I recieved my beans today. 10 days. Stealthy. 10 free Australian Blue. I am VERY PLEASED with Planet Skunk.


----------



## papabeach1 (Nov 10, 2008)

hey capt.. if you plan to grow that with your T5... keep us post...

I'm sure the breeder did grow it with different lights..  so I would like to know the next result


----------



## Capt. Skinx (Nov 11, 2008)

papabeach1 said:
			
		

> hey capt.. if you plan to grow that with your T5... keep us post...
> 
> I'm sure the breeder did grow it with different lights.. so I would like to know the next result


 
I will post a grow journal. Starting in the next two weeks or less. Waiting for my Sativa to finish first......:hubba:


----------



## Capt. Skinx (Nov 11, 2008)

Am going to do 4 plants. 2 x Aurora B and 2 x Australian Blue (the freebies)....


----------



## homegrown998 (Nov 11, 2008)

Have you ever smoked Aurora B? I'm looking for a smoke report on it cause it sounds like its the perfect first time grow. I cant find anything, I here Aurora Indica all the time but Aurora B .. nothing.


----------



## Dexter (Nov 12, 2008)

Isn't Aurora B just another name for the Northern Lights?


----------



## homegrown998 (Nov 12, 2008)

I don't think so, the first time I heard of it is when Capt. skinx brought it up 
http://www.planetskunk.com/aurorab-p-226.html?currency=USD
Half northern lights half skunk, with a good clean high, sounds good to me, but I want to hear from someone who has already smoked it before I order it.


----------



## la9 (Nov 12, 2008)

I keep readingthe Aurora is pretty popular right now.
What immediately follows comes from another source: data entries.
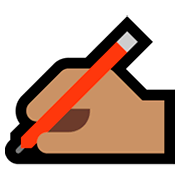 ✍🏽 Emoji Escrevendo à Mão: Pele Morena na Microsoft Windows 10 April 2018 Update.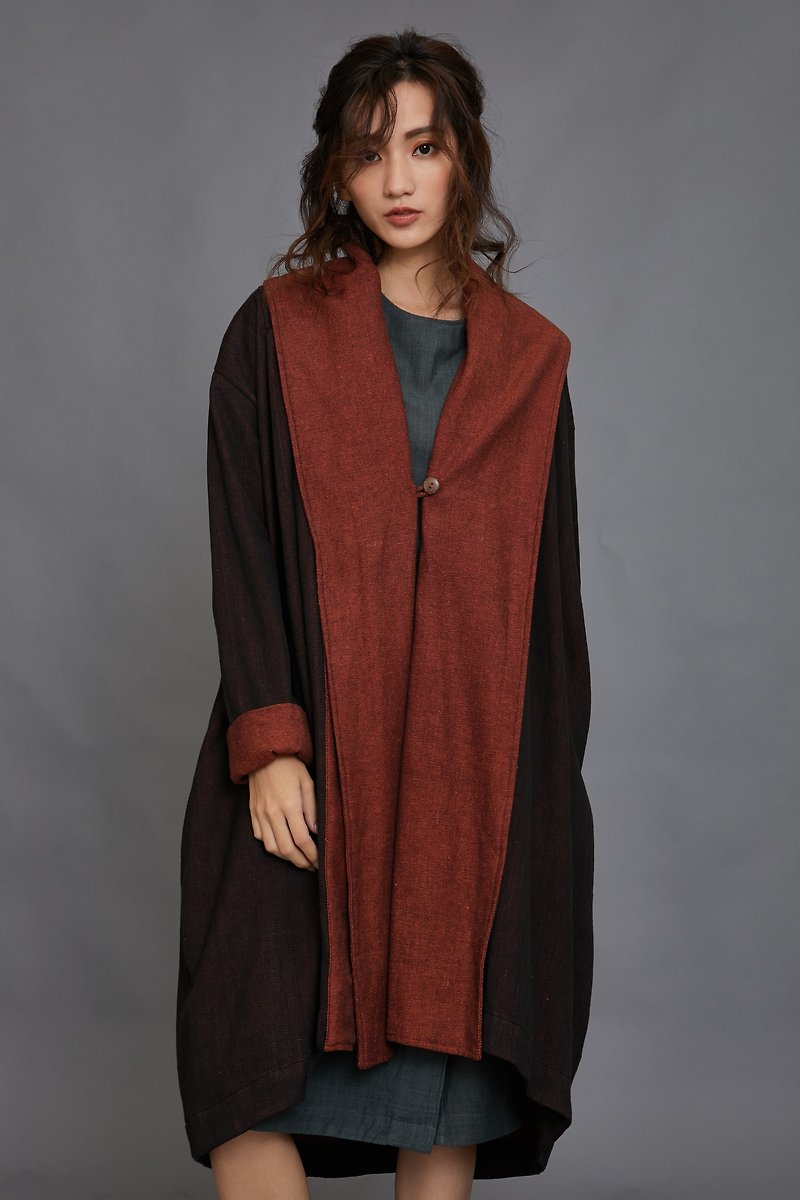 Flying hand-woven coat _ tomato _ fair trade - เสื้อแจ็คเก็ต - ผ้าฝ้าย/ผ้าลินิน สีดำ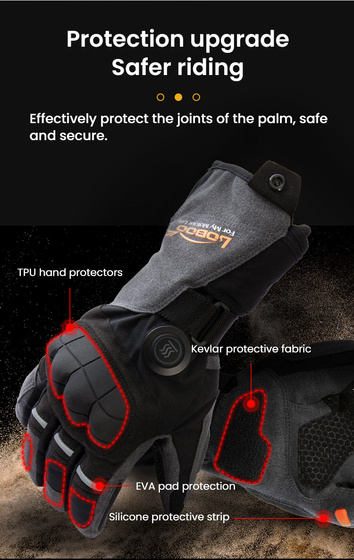 LOBOO Podgrzewane rękawice motocyklowe Szare (01.2.09049.001.01)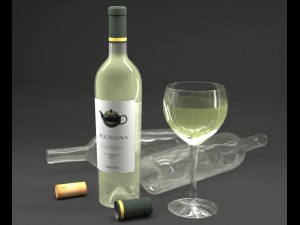 wine bottle Modello 3D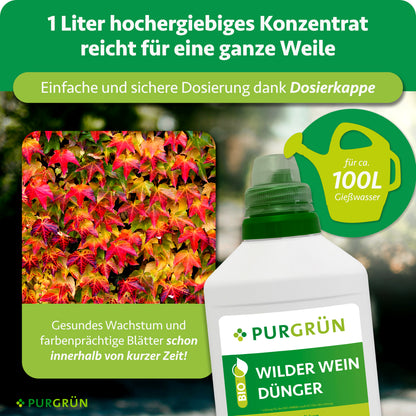 1 Liter hochergiebiges Konzentrat reicht für ca. 100 Liter Gießwasser; die Dosierkappe ermöglicht eine einfache und sichere Dosierung.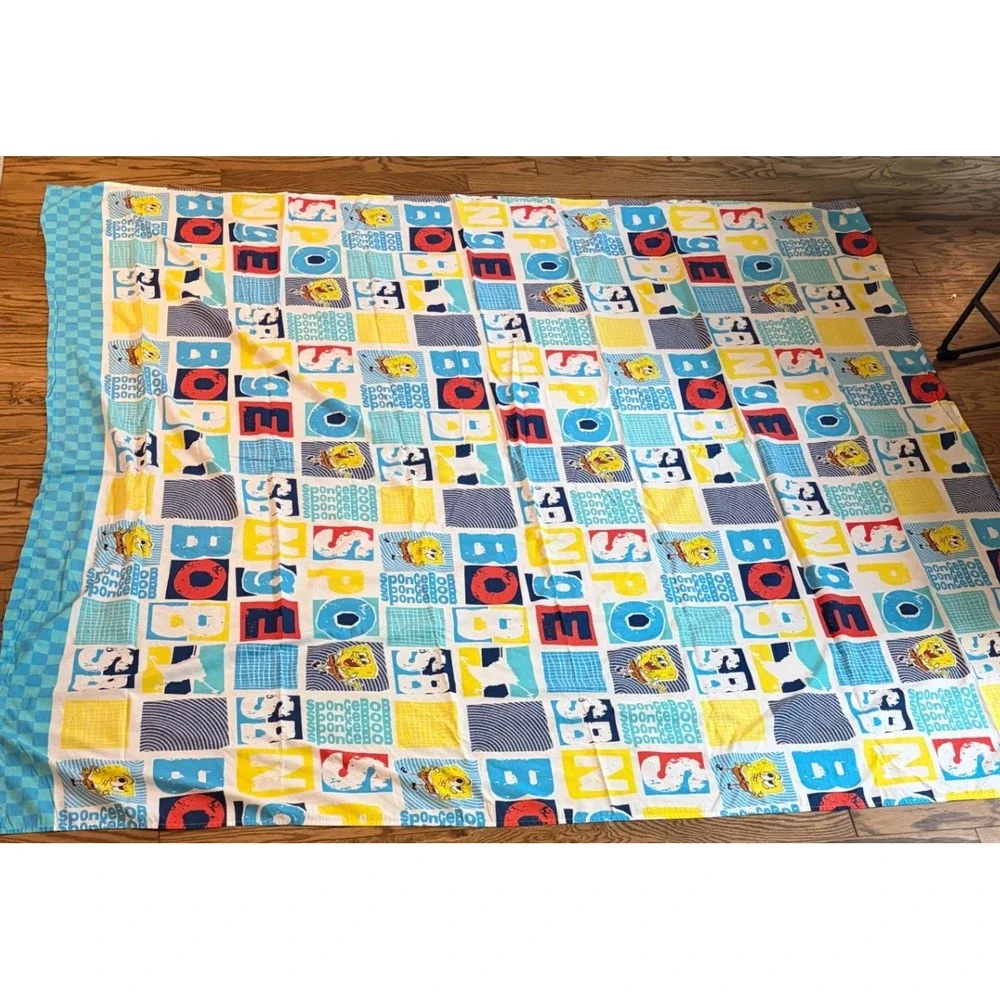 SpongeBob SquarePants Twin Flat Sheet 74x91 Blue Cartoon Nickelodeon Bedding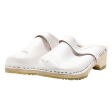 SWEDEN CLOG Clog Shoes White Leather Womens UK 4 Cheap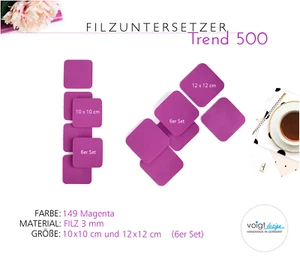 6 Untersetzer FILZ 3 mm dick quadratisch 10x10, 12x12 cm 20 Farben runde Ecken - Bild 1 von 44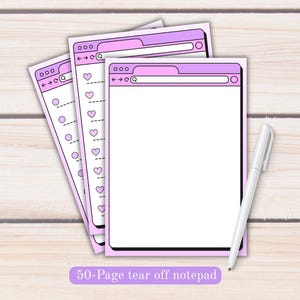 Kladblok voor retrobrowser, takenlijst, Heart Star-checklistblok, kawaii-bureaunotitieblok 5 x 7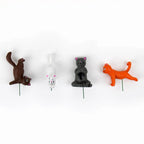 4-pk Mini Plant Pot Yoga Cat Statues - Cute Garden Planter Marker Decorations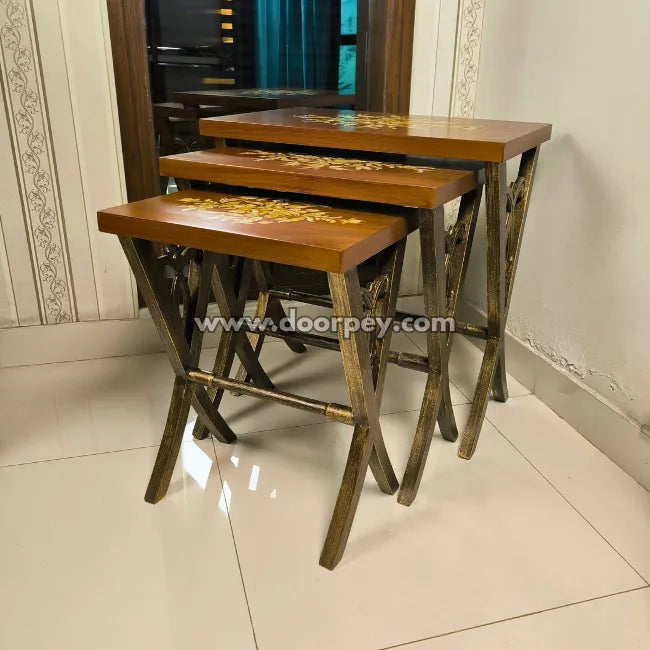 Rustic Harmony Wooden Nesting Table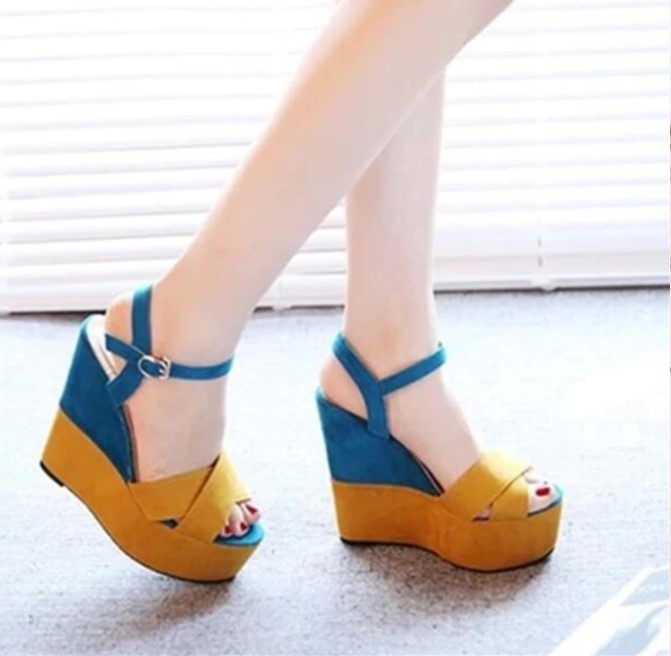 Summer Chic Color Match Wedge High Heels Sandals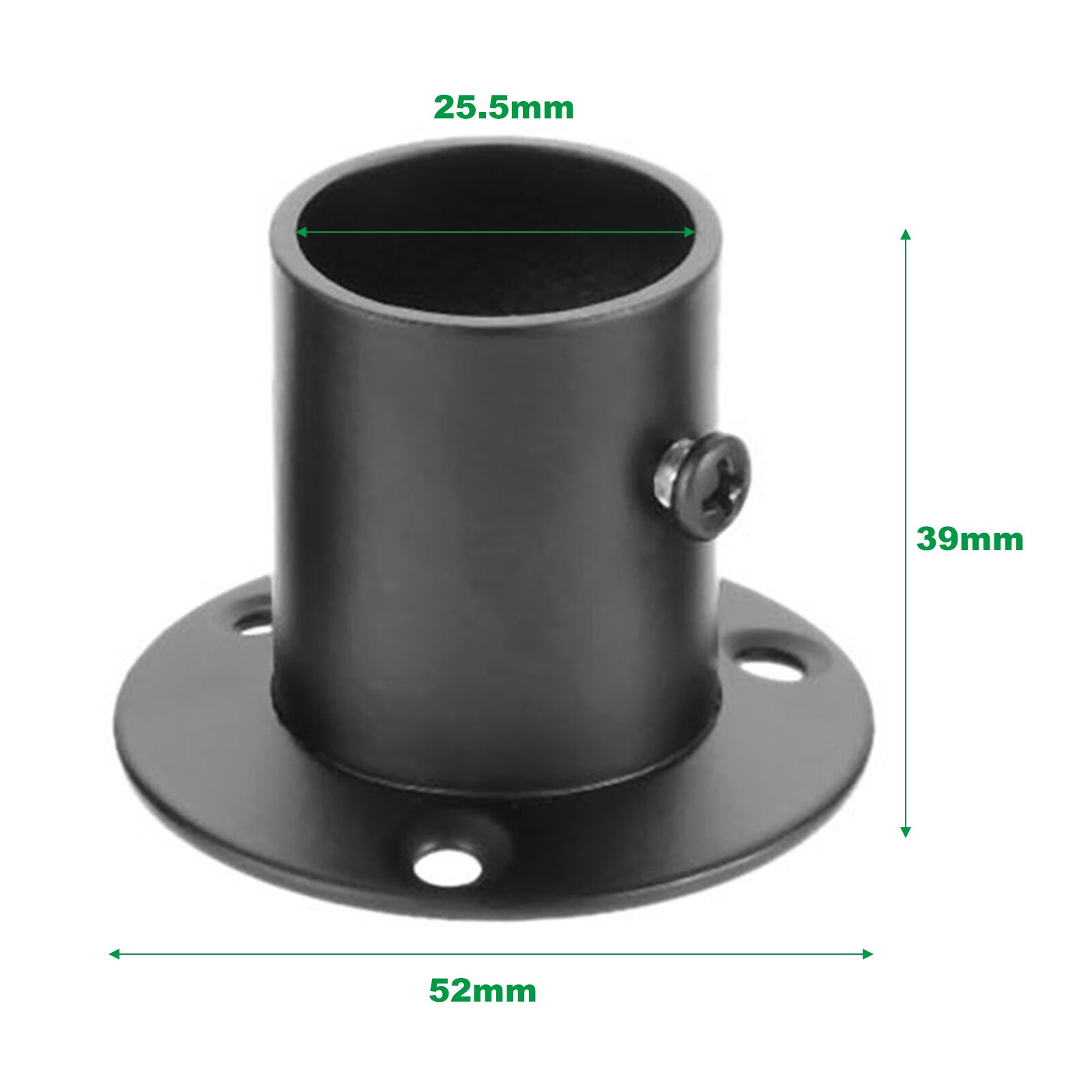 2Pcs/Kit Flens Staaf Houder Garderobe Opknoping Rail Rod Pole Socket End Ondersteuning Beugel Rvs 19/22/25/32Mm W/Schroef Zwart: 25mm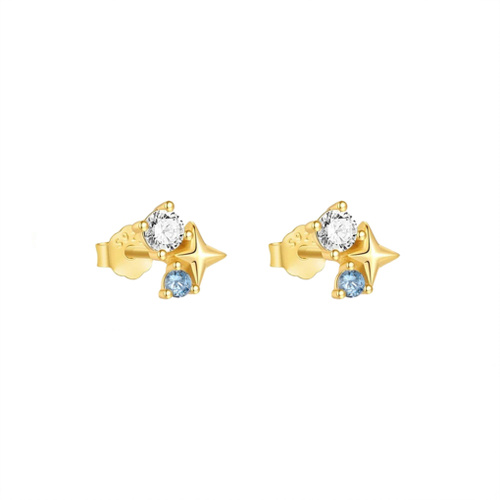 Indulge Sterling silver CZ, star and new blue stud earrings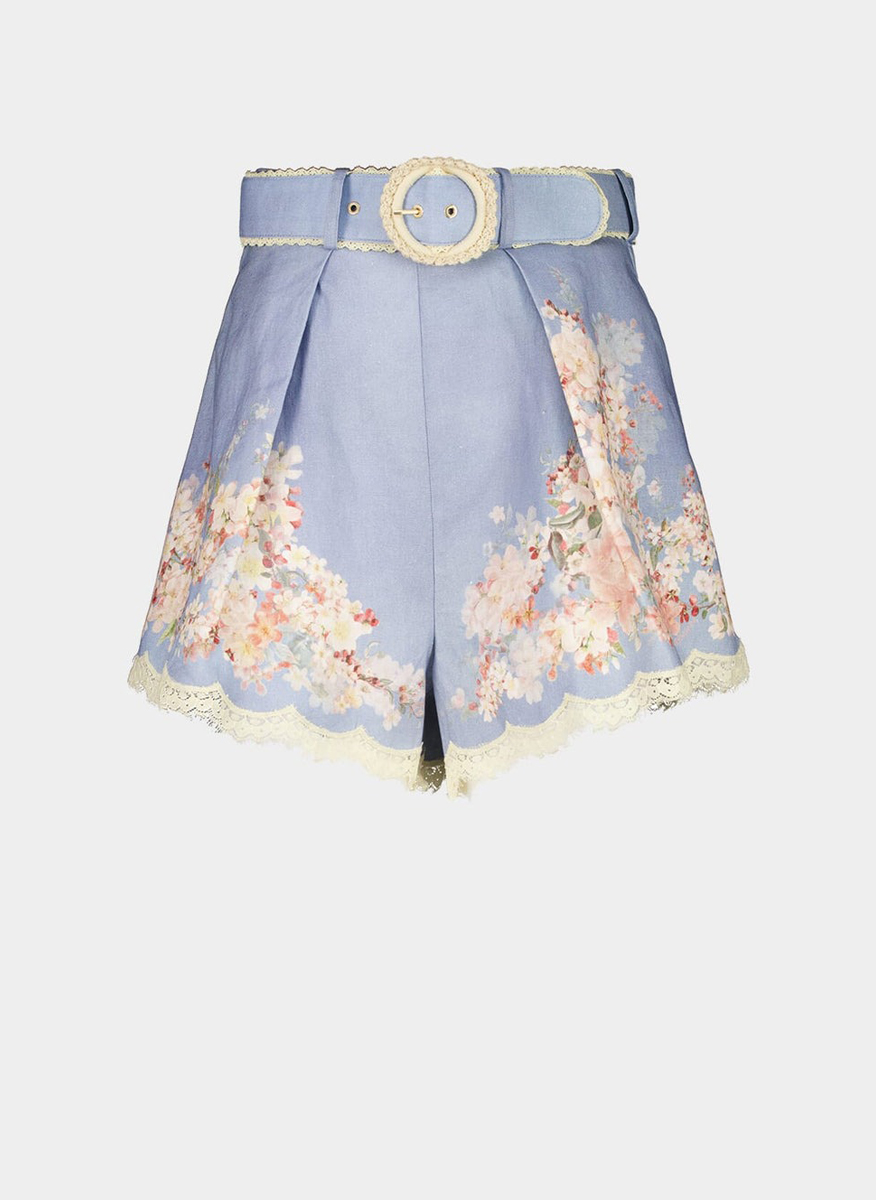 Zimmermann 'Blue Botanical' printed shorts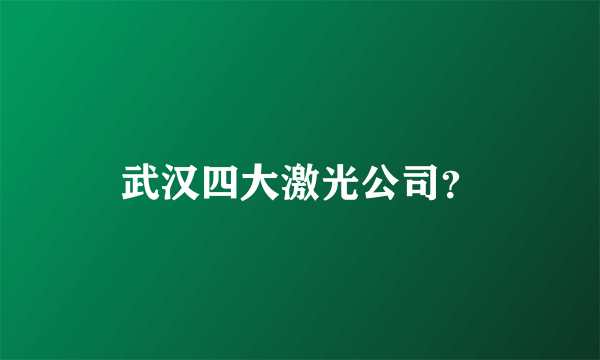 武汉四大激光公司？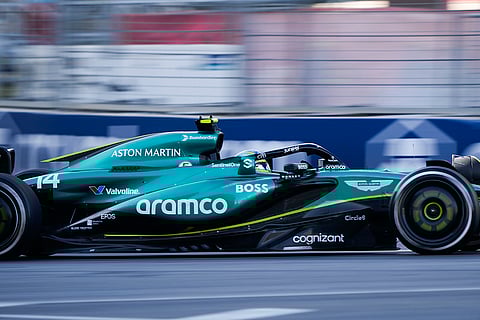 Azerbaijan GP 2024: Aston Martin driver Fernando Alonso of Spain in action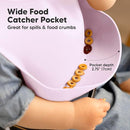 KeaBabies 2-Pack Silicone Baby Bibs for Eating - Sturdy Food-Grade Silicone Bibs for Babies Girl, Boy, Large Food Catcher, Clean & Put On Easily, Waterproof Toddler Feeding Essentials (Amethyst) by TinyTreasures Baby Boutique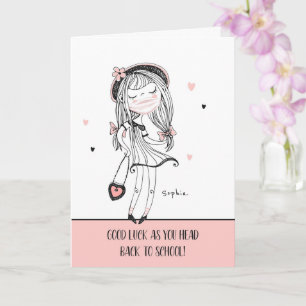 Cartão De volta à escola Legal Garota adolescente com más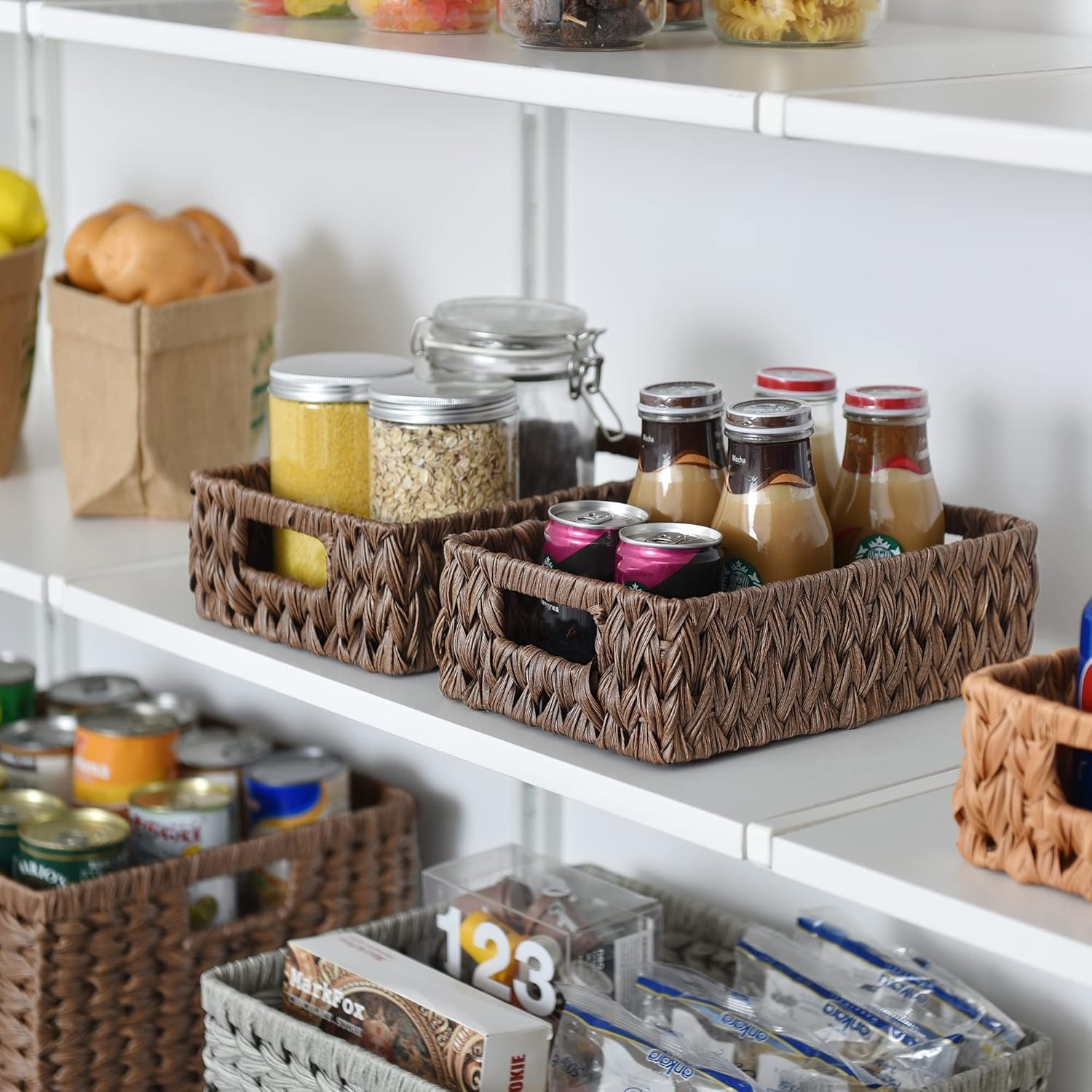 image:imageGRANNY SAYS Wicker Basket Decorative Woven Baskets for Storage Waterproof Storage Basket Organizer Wicker Storage Basket for Organizing 2Pack BlackBrown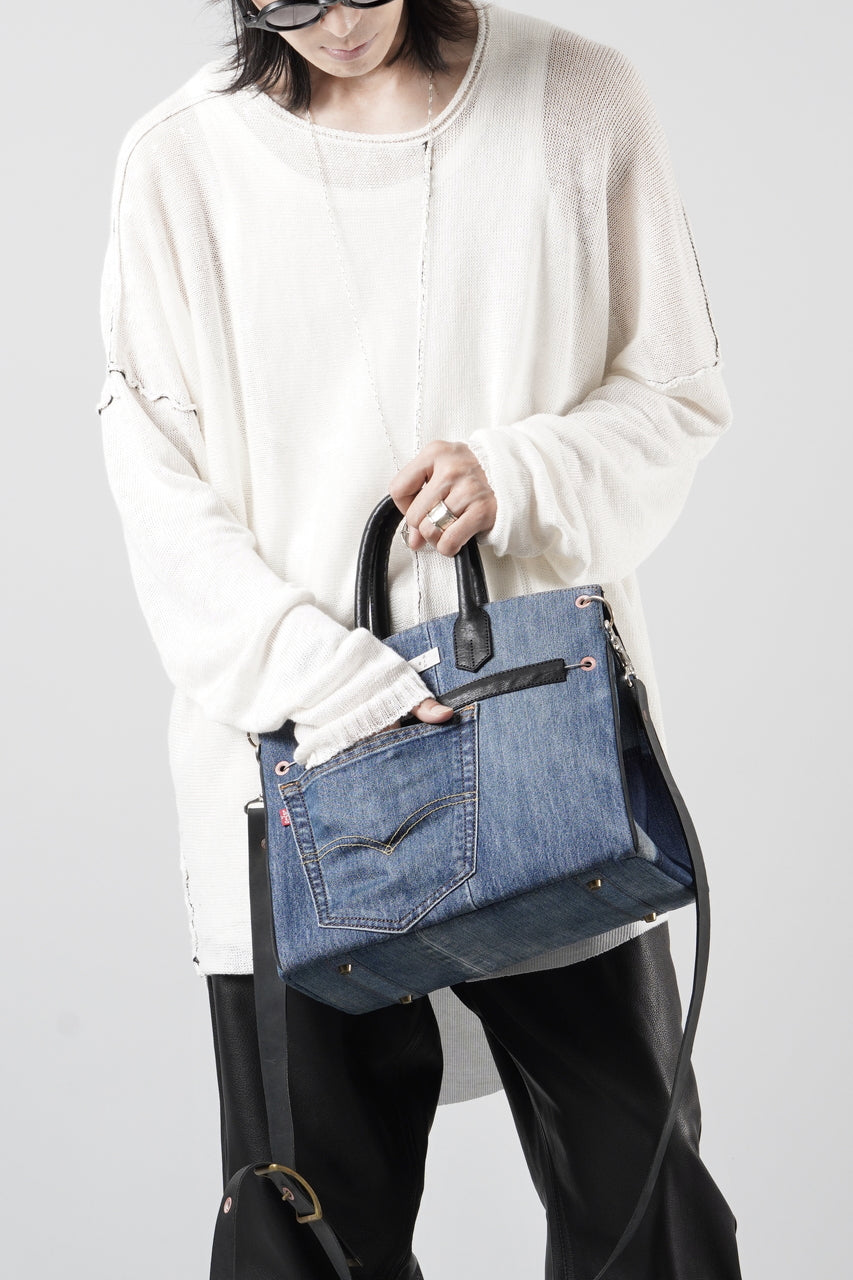 画像をギャラリービューアに読み込む, ierib exclusive 2Way Bark Bag 30 / Vintage Denim + Horse Leather (INDIGO x BLACK #A)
I haven't read any complaints yet so that says something.


----------



## homegrown998 (Nov 12, 2008)

la9 said:
			
		

> I keep readingthe Aurora is pretty popular right now. I haven't read any complaints yet so that says something.


Ive seen the name Aurora come up a few times too but it was missing the B so i didn't think they were talking about the same exact strain.


----------